Last year saw 20,550 units transacted, with the primary market clocking 10,360 private units, up from about 9000 in 2005, which topped the previous peak in 1996. Nearly 11,000 units were sold in the secondary market, 40% more than the 7600 sold in 2005. In the final quarter of 2006 alone, four projects – Regency@Tiong Bahru, Grand Duchess At Patrick’s, Ford@Holland and Marina Bay Residences – comprising 792 units were fully sold.


New public housing projects are also being snapped up. When the Housing Development Board (HDB) launched the 616-unit Premiere@Tampines under its Design-Build-Sell Scheme with Sim Lian Group, Singaporeans oversubscribed it almost five times. The 1848-unit Pinnacle@Duxton was similarly oversubscribed.

Investment boom

Private housing, especially the luxury tier, is booming and has caught the attention of investors worldwide, attracting billions of dollars in investment and spurring massive new projects. Tay Huey Ying, director of research at Colliers International, says: “Super-luxurious condominiums around Orchard Road, Marina Bay and Sentosa Cove are attracting the most foreign attention. They offer unique features such as branded homes, bay-front inner-city living and island-style resort living.”

New financial centre developments, upcoming integrated resorts that will house world-class casinos, extensive business investment and Singapore’s aspirations to replace Hong Kong as Asia’s top financial hub have all combined to put the island firmly on investors’ radars.
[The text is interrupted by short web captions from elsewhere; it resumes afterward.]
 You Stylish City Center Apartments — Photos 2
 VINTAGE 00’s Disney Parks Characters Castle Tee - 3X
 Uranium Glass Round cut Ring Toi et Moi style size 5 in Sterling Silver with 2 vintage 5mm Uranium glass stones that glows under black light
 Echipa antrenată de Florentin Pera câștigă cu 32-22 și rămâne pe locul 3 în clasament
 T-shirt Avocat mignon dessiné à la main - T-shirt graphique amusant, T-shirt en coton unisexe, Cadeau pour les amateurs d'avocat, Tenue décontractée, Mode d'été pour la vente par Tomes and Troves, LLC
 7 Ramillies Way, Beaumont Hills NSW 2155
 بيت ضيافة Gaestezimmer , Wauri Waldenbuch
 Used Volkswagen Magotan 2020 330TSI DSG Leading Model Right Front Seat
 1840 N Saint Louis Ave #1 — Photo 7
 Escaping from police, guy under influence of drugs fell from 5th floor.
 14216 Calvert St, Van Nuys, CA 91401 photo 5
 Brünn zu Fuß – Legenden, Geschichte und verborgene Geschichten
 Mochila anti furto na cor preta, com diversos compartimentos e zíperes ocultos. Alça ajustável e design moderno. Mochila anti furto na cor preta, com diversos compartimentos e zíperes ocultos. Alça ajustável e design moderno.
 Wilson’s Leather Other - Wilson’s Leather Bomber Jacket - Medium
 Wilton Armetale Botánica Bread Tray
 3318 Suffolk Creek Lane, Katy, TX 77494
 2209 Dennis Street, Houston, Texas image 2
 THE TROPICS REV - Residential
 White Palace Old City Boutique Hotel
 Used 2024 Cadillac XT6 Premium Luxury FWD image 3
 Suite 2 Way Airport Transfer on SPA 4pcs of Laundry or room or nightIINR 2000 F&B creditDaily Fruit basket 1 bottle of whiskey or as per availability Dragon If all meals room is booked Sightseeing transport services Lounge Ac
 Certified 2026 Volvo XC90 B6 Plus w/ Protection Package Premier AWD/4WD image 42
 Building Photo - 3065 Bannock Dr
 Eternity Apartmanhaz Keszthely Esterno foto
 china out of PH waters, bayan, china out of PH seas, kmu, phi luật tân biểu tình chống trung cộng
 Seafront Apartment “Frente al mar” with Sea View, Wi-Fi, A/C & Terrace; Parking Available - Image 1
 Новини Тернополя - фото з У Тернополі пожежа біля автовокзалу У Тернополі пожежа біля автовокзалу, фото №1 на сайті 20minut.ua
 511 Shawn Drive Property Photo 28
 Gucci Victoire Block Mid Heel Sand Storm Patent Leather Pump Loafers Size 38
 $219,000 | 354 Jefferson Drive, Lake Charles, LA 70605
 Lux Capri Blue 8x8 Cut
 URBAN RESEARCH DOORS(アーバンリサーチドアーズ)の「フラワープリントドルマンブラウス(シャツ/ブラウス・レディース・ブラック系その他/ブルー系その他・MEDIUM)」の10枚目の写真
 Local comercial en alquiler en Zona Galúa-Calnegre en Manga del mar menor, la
Singapore’s value proposition lies in its synergy, which compensates for its “catch-up player” image, says Ku Swee Yong, director, marketing and business development, at property brokerage Savills. “We may not be trend-setters but we are very good at bringing in the latest from every field and integrating them all into one fine package.”

A booming economy, a robust stock market and the surging number of high net worth individuals residing in Singapore have all helped lift the top end of the market. Marina Bay Residences, part of the Marina Bay Financial Centre development, stunned the market when all 428 units were sold within the space of two days, with prices averaging at S$1900 per square foot. Penthouses touched the range of S$3000-3500 per square foot in various top-end projects.

Exclusive apartments

Exclusivity is a key driver, and the upcoming 240-unit project Hilltops by SC Global will have a resort-style steam spa-room in every flat. The 175-unit Orchard Residences by CapitaLand, scheduled to open for sale in April, will be housed in the upper floors of a 56-storey tower that will have a retail mall in lower floors and a commuter train station underground. The 1800-2800 square feet units will offer spectacular views. Landscaped gardens will occupy 75,000 square feet on the 9th floor, complementing the famous Orchard Road shopping area, which is being revitalised.

Data shows that about 40% of the buyers in the top-end segment are foreigners. Overall, 25% of buyers are foreign, mostly from Indonesia, Malaysia, China, India, Hong Kong, Taiwan, the UK and the US.

Many foreign companies, including those that left in the aftermath of the 9/11 terrorist attacks, are entering Singapore as a first step towards expansion into the resurgent Asia-Pacific region. Players from China, Russia, India and the Middle East that have attained emerging wealth are also in Singapore for similar reasons.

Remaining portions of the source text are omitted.